Start of Block
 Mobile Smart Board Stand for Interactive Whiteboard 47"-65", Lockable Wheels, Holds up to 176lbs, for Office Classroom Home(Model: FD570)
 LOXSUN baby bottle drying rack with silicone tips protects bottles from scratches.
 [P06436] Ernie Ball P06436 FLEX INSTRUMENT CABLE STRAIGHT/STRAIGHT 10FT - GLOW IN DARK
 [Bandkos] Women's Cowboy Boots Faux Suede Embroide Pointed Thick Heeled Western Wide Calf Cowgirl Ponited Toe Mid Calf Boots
End of Block
Start of Block
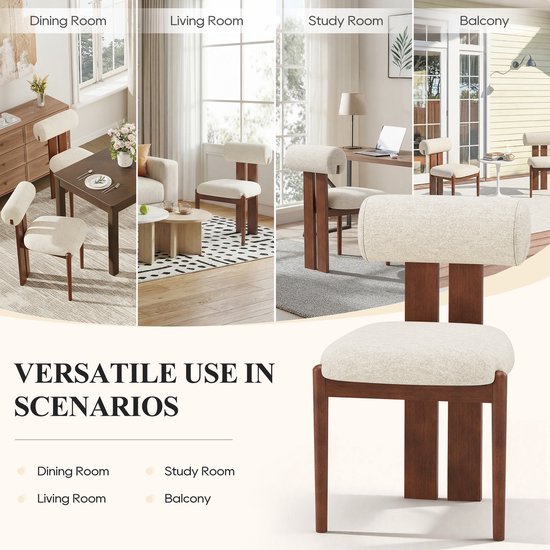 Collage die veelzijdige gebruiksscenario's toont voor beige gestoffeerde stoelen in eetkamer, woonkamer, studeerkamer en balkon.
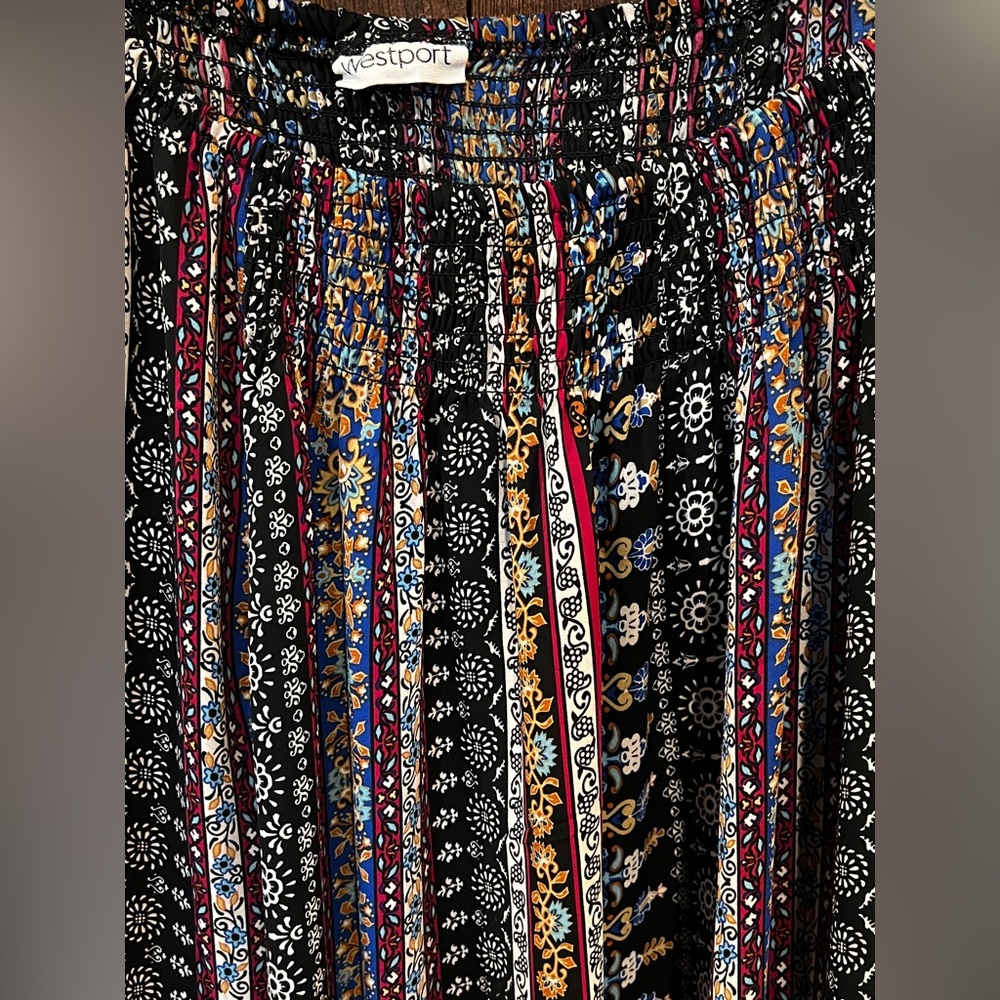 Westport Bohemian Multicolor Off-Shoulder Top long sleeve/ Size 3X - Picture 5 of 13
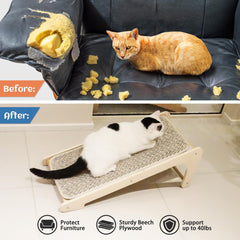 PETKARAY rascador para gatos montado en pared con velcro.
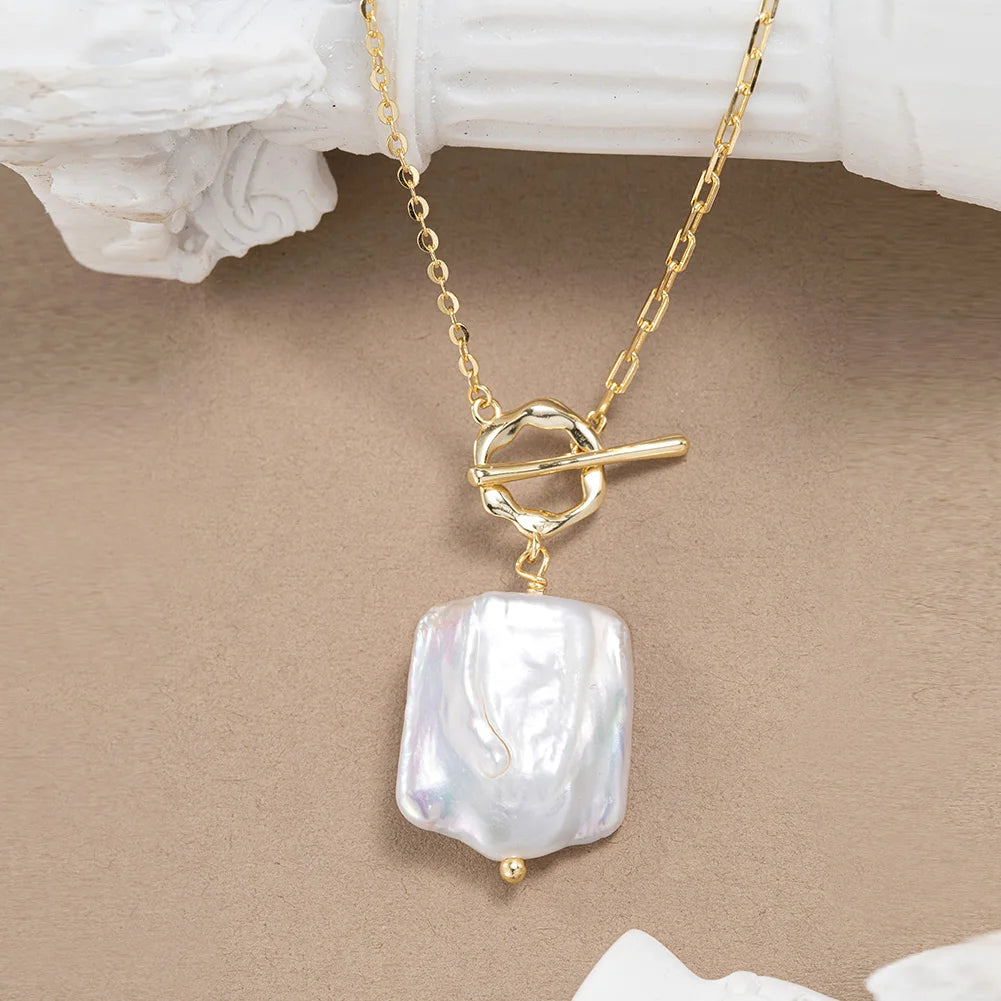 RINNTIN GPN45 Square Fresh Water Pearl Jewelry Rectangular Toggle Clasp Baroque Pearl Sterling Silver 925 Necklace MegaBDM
End of Block
TASK REQUIREMENTS:
Above are the records; return the lines in them from the one with "Collage die veelzijdige" to the one with "RINNTIN GPN45 Square", inclusive, exactly and without images.

REPLY:
 Collage die veelzijdige gebruiksscenario's toont voor beige gestoffeerde stoelen in eetkamer, woonkamer, studeerkamer en balkon.
 Westport Bohemian Multicolor Off-Shoulder Top long sleeve/ Size 3X - Picture 5 of 13
 PETKARAY rascador para gatos montado en pared con velcro.
 RINNTIN GPN45 Square Fresh Water Pearl Jewelry Rectangular Toggle Clasp Baroque Pearl Sterling Silver 925 Necklace MegaBDM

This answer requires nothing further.